Our experience developing a tablet formulation using AI has shown us it’s a powerful tool for our scientists to achieve meaningful time savings, reduce drug substance demands and provide a powerful insight into the Critical Quality Attributes of the drug product. As we advanced the product into the clinic we were unsure how the MHRA would view our intended use of the technology. We were grateful for an open dialogue with the MHRA before we submitted the Clinical Trial Application, which then obtained approval with no comments or queries on how we’re using it.
Over the next five years, the greatest value will come from refining how we use AI to not only accelerate formulation design, but also reduce the amount of clinical testing required to advance innovative drugs through development. Ultimately, the goal is how we can best enable faster, data‑driven decisions and improved clinical predictability via the use of AI tools.
As scientific and technological capabilities evolve, organizations must balance speed and agility with quality, regulatory compliance, and patient safety. How can leaders create cultures that encourage innovation and calculated risk-taking without compromising the rigorous standards required in pharmaceutical development and manufacturing?
We know that lives depend on the safety, quality, and rigor that goes into creating the formulations, the clinical protocols, the manufacturing standards, and everything else that makes up the drug development value chain.

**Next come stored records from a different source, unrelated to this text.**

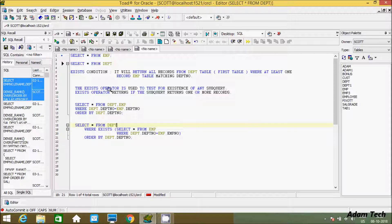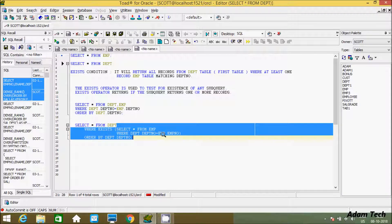The EXISTS operator is used to test for the existence of any subquery result. EXISTS returns true if the subquery returns one or more records. If at least one record matches, it returns the matching records. But if the condition is false — meaning the subquery returns nothing — then EXISTS returns nothing.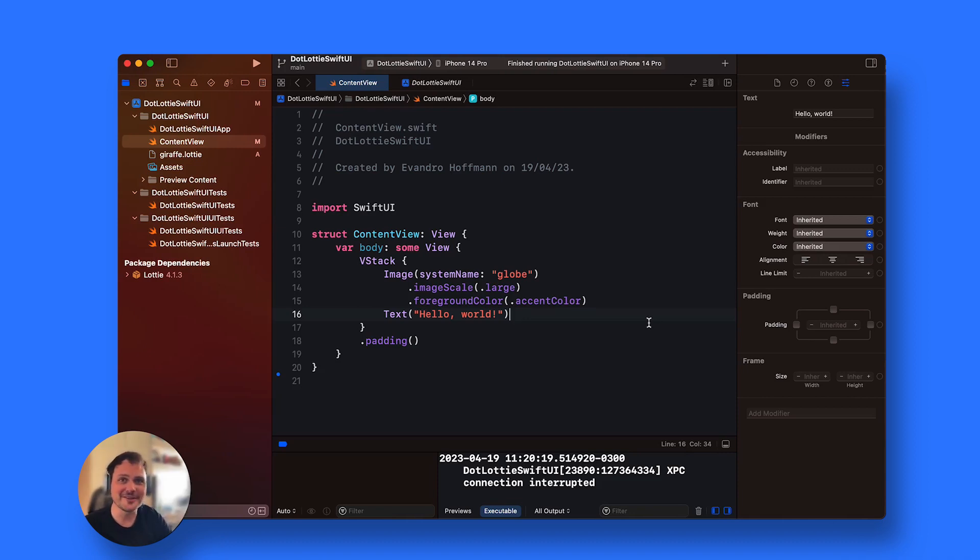Hello, Evandro here, head of mobile in Lottie Files, and I'm going to show you how to use .Lottie animations in your SwiftUI projects.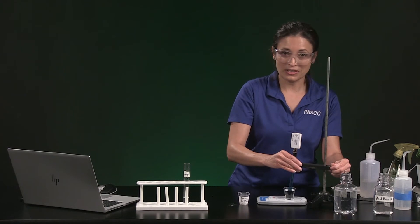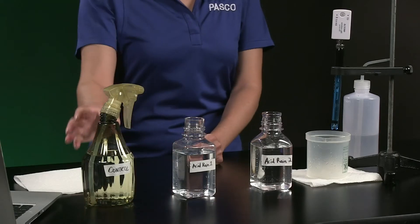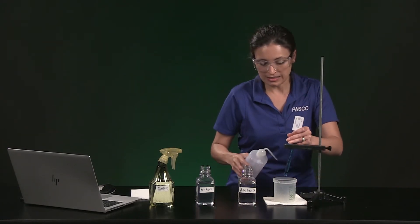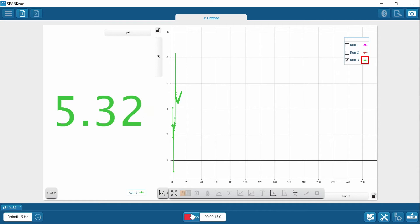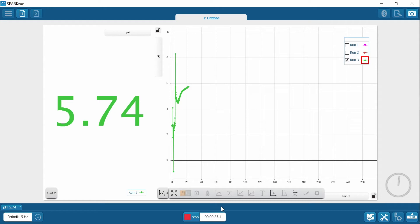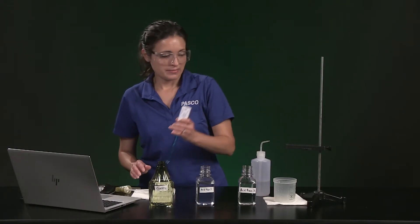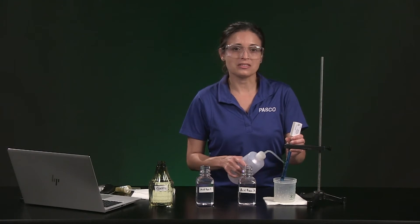I am going to rinse the pH sensor and then we can move on to part 3, where I will make simulated acid rain from distilled water and sulfuric acid. Let's start with the control, which is tap water representing ordinary rain. I am going to start collecting data and put the pH sensor in that tap water. I made acid rain solution 1 by adding 5 milliliters of 0.025 molar sulfuric acid to 250 milliliters of distilled water in this bottle.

Every development program will involve uncertainty and difficult trade-offs, but every regulatory submission demands explainability and accountability. A model alone cannot provide this, it can’t explain the rationale of how we designed a protocol and be held accountable for that. A regulator does not want to hear that an algorithm decided something: They want to understand the scientific rationale behind it, by a person, and I expect a human-in-loop will always be required to provide oversight of and take accountability for any AI guided decisions.
The industry is increasingly moving toward more integrated and accelerated development models. How do you see leadership approaches changing to support greater cross-functional collaboration between discovery, development, manufacturing, and regulatory teams, and what organizational structures are proving most effective?
Integration and agility are two aspects we’ve held close to our core values. We’ve enabled cross‑functional collaboration in every project by bringing formulation, manufacturing, clinical, and regulatory experts together, aligning experience with project needs.
This is also the core of our Translational Pharmaceutics® model, which we’ve applied for nearly two decades to the integrated services we know our clients could typically only find via working with numerous providers. Translational Pharmaceutics® shifts functional silos to unified, program-led structures with shared accountability.
That said, I think other scientific organizations that prioritize collaboration and the connection between different disciplines are ones that are going to be best set up for success.
Looking ahead, what do you believe will distinguish the most successful biopharma leaders over the next decade? Are there specific leadership qualities, strategic priorities, or organizational capabilities that will become increasingly important as the pace of scientific advancement continues to accelerate?
With the pace of technological change and innovation, the most important leadership qualities will be those around change management. I anticipate the current drug development paradigm will evolve and could look very different in the not too distant future. Teams, organizations and the nature of their work will need to evolve accordingly and managing those through this transformation well will distinguish the most successful leaders.